Votto not interested in waiving no-trade clause
CINCINNATI -- The Reds are a team in transition, as they've made it clear they are willing to move veteran players in order to get younger and better for the long-term. One player who should be around to see the rebuilding through to its conclusion is first baseman Joey Votto.
Since signing his 10-year, $225 million extension before the 2012 season, Votto has full no-trade protection. He still has eight guaranteed years and $199 million left, including the $7 million buyout of his $20 million club option for 2024.
Votto made it clear he doesn't want to leave, and with his leverage, he doesn't have to.
"I absolutely love playing here," Votto said during Redsfest on Friday. "When all this trade stuff gets going, it's natural for a player to have that thought process and what would you consider? I just absolutely love playing here. I really like where I live. I like my team and my job. I like the location of the ballpark and the fans and the clubhouse and the uniform and the number on my back -- all the littlest things that people take for granted are very comfortable to me and something I look forward to. I don't think of myself as anything other than a Cincinnati Red. It's one of the really cool things about having a no-trade clause. I'm one of the rare players who has that. I get to stay a Cincinnati Red.
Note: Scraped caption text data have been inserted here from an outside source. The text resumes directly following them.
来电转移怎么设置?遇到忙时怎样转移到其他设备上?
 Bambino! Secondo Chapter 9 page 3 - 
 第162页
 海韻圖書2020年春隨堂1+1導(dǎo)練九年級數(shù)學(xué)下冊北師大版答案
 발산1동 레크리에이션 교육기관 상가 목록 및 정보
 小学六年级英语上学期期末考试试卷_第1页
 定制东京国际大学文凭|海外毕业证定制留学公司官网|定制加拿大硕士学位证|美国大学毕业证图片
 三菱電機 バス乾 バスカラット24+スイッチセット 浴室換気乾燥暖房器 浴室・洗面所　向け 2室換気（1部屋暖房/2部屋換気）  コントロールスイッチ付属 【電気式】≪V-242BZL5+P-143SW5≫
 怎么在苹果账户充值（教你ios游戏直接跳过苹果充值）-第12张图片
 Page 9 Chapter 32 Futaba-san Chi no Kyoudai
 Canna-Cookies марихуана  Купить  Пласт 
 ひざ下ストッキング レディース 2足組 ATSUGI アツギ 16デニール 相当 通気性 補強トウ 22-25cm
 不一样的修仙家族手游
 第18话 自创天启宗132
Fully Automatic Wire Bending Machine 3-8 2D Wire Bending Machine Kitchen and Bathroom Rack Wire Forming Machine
"I look at guys in all kinds of different sports and I admire the players that stick with one franchise and do well and ride out the rough times and experience the highs, instead of it being the kind of experience that you consume."
Reds president of baseball operations Walt Jocketty and general manager Dick Williams are shopping several players, and have said no one is untouchable. Players like Aroldis Chapman, Todd Frazier and Jay Bruce have figured prominently in trade rumors.
For Votto, it did not feel weird knowing some of his teammates might not be around when Spring Training starts in February.
"I'm excited. I really am. I'm excited about the future of the organization," Votto said. "I think that having a new general manager brings a different perspective to the way we're going to do things. We'll continue to have Walt around. It's exciting also because it makes for an easy transition.
"I'm exclusively looking forward to playing with the best players possible."